This is true of any processor. If you had the inclination and the proper hardware to facilitate loading the machine instructions, you could program the processor in your computer the same way.
The raspberry pi is a much more complex machine than the arduino. 32 bit instructions vs 8 bit, 700MHz vs 20MHz clock frequency, GPU vs no GPU, 512MB memory vs less than 1MB. There is so much going on in the pi's chip, that a thorough technical reference manual could easily exceed 5000 pages, where as everything you need to know about the arduino's processor will fit in less than 500.
You certainly can make LEDs blink with a raspberry pi with your own non-OS code, but the difference in the amount of code required vs doing it in an arduino is pretty substantial.
> The raspberry pi is a much more complex machine than the arduino. 32 bit instructions vs 8 bit, 700MHz vs 20MHz clock frequency, GPU vs no GPU, 512MB memory vs less than 1MB
I have no arduino experience and am happy to be educated, but I don't see how any of those things makes the pi harder to program. Maybe the instruction set's harder, but that only matters if you're writing asm. There's more stuff you can do, but that doesn't get in the way if you just want to code arduino-like stuff.

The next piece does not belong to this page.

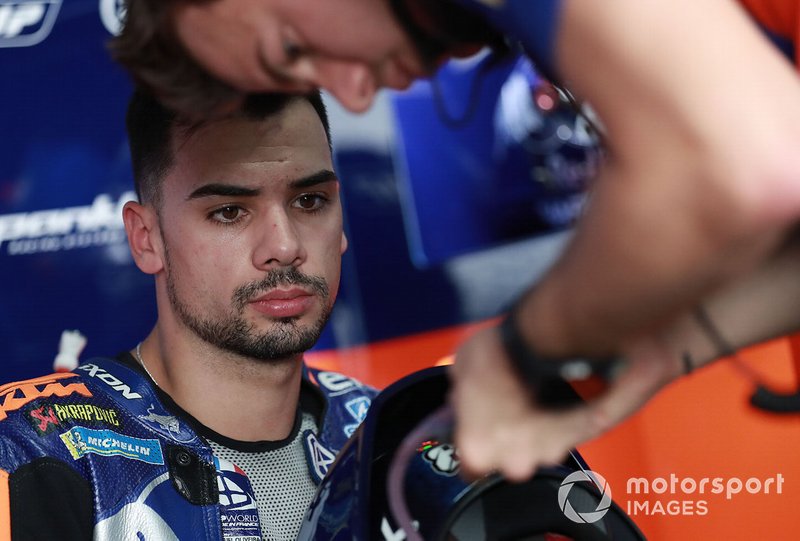 Miguel Oliveira, Red Bull KTM Tech 3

> You certainly can make LEDs blink with a raspberry pi with your own non-OS code, but the difference in the amount of code required vs doing it in an arduino is pretty substantial.
Here is some baremetal code that blinks LEDs on a pi:
It's not that bad, really. Admittedly some of the peripherals are much harder work than that. I should add that I have nothing against the Arduino, but as a n00b to baremetal / embedded style programming I'm not finding the pi particularly gruelling. Maybe I just don't know what I'm missing.
I haven't actually worked with the raspberry pi, but I'm currently working with a similar processor, a Texas Instruments ARM Cortex A8 that runs at 720MHz. On my processor, you have to set up the PLL to take the 24MHz external oscillator to 720MHz, configure several clocks for peripherals, set up the MMU with a huge table of memory addresses and their cache settings, configure the GPIO bank, Select the proper multiplexed setting for the actual pin that the signal is output to, etc. This is all in C as well.
Are you saying that the code you linked is loaded with some sort of JTAG device, and is the entirety of the code running on the chip, or is it run from the command line?
Maybe Texas Instruments are just a bunch of sadists.
> Are you saying that the code you linked is loaded with some sort of JTAG device, and is the entirety of the code running on the chip, or is it run from the command line?
That's all the code you need to write. You also need a firmware binary supplied by the raspberry pi people. You write your binary and the firmware binary to an SD card, and the pi boots and runs your code via some process that is frankly opaque to me. Alternatively you can stick a bootloader on the card and transfer your binary via an ftdi cable, which is a lot less hassle while developing. All this is detailed in the repo I linked if you're interested.
Using the onboard peripherals is admittedly fairly challenging, largely due to the paucity of documentation available. Hopefully more documentation and examples will emerge as more of us tinker with it.
I'm not yet in a position to compare and contrast to TI's stuff, but I have a Stellaris Launchpad I intend to start playing with soon. Will be interesting to see how it compares.
There's nothing to stop you programming the pi bare metal style like an arduino. It's not as well documented but it's perfectly doable and quite fun.